L’iper-attivazione che deriva da un evento giudicato importante per la propria esperienza di vita è un meccanismo adattivo che permette all’organismo di avere memoria di quanto accaduto al fine di, per quanto possibile, evitare che accada di nuovo. A volte questa attivazione si protrae così a lungo da essere inutile per lo stesso scopo per il quale si è “accesa”. Se oltre a questo sci si mette il meccanismo, anche questo fortemente adattivo, della dissociazione, il mix può essere piuttosto difficile da affrontare. La dissociazione permette alla mente di silenziare parti della nostra esperienza per rimuoverle, non sentirle, non viverle al fine di massimizzare ciò che sembra funzioni bene. Così dopo un incidente o un infortunio il nostro modo di essere, di vedere gli altri, di narrare e di narrarsi cambia cercando di mettere tutto ciò che ha provocato dolore. Dopo un incidente non siamo più gli stessi di prima.

Modi di superare un incidente

Abbiamo detto che un incidente rompe il fluire del racconto. Abbiamo detto che costringe a far emergere alcune parti di sé a discapito di altre. Abbiamo detto che un incidente favorisce l’attivazione di una iper-allerta che può protrarsi fin troppo a lungo, ben oltre quanto serva..
Dunque per ripartire occorre riprendere il filo del proprio discorso, permettersi di esprimere se stessi nel modo più completo, avendo fiducia che ogni parte di noi può essere utile e bella.

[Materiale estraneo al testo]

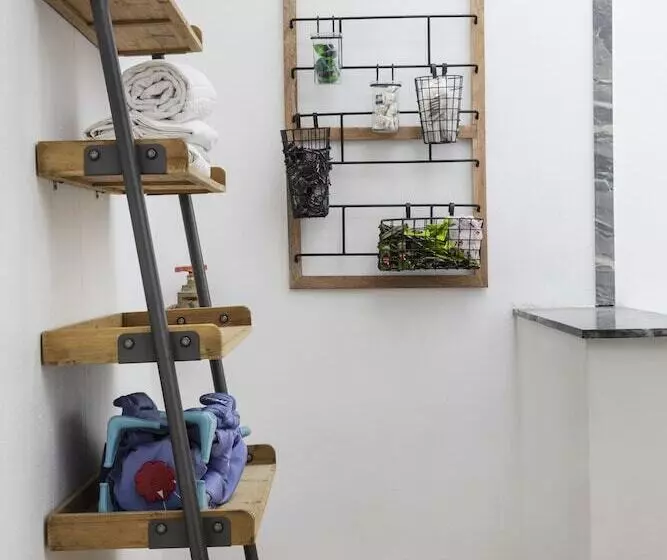 Hello Lisbon Rossio Collection Apartments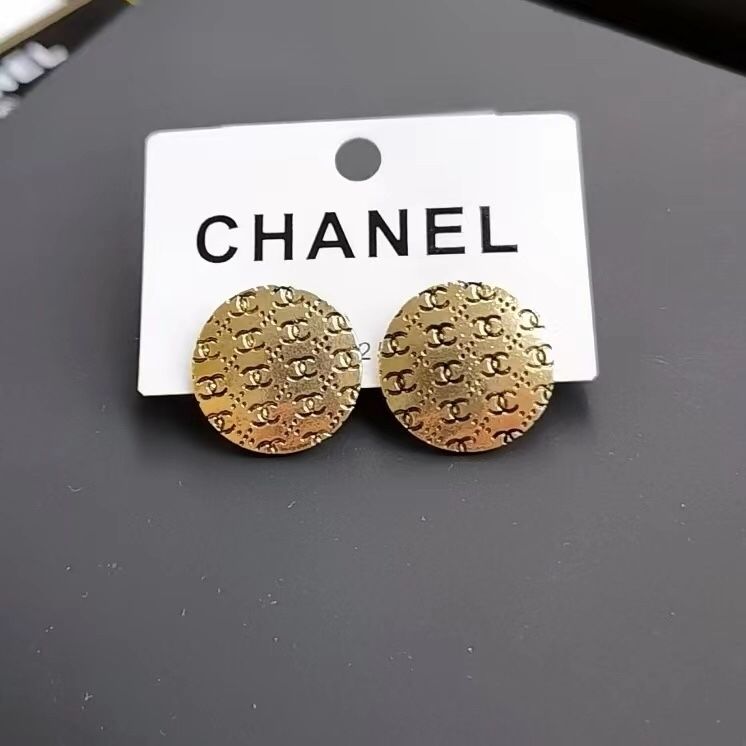 2022 New Earrings product image 12, provided for visual reference and product detail review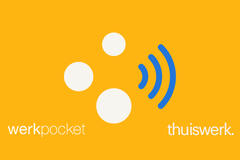 https://www.randstad.bethuiswerk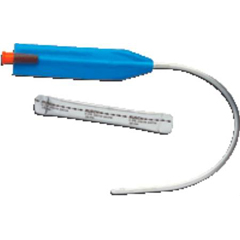 MON762830EA - Teleflex Medical - Urethral Catheter FloCath QUICK Straight Tip Hydrophilic Coated 16 Fr.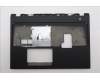 Lenovo COVER MP6C0_C_COVER_WW_PMIC_SUB_ASSY pour Lenovo ThinkPad T16 G3 (21V5)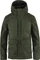 Fjällräven Lappland Hybrid Jacke (Herren) Vorschaubild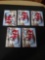 Shohei Ohtani rc lot of 5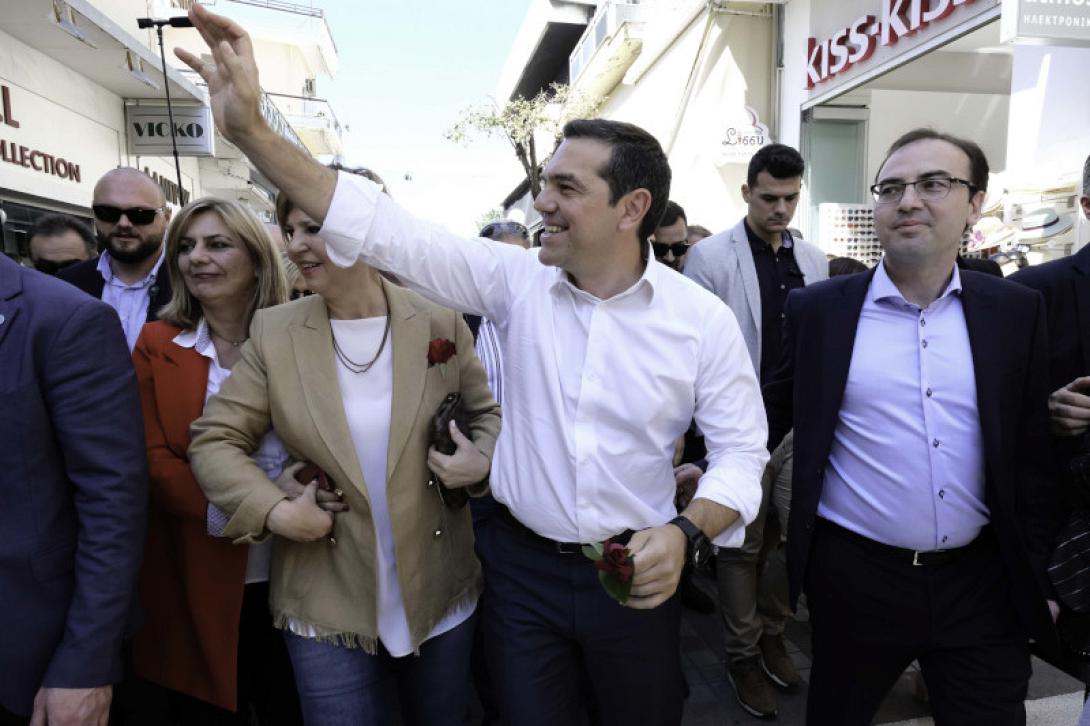 τσιπρας.jpg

Ciò porterà progressivamente a integrare l’evento nella propria narrativa di vita, a riconquistare un equilibrio nuovo e a non aver più bisogno di essere iperallertati. L’ansia, la preoccupazione e l’angoscia diminuiranno trasformandosi in emozioni e sentimenti più complessi e adattivi.
Alcune persone per alcuni incidenti o infortuni non hanno bisogno di nessun aiuto professionale. Altri o per certi particolari eventi possono sentire la necessità di un percorso di sostegno psicologico o di psicoterapia. E questi spesso scoprono che quella “cosa” è stata per loro una opportunità irripetibile.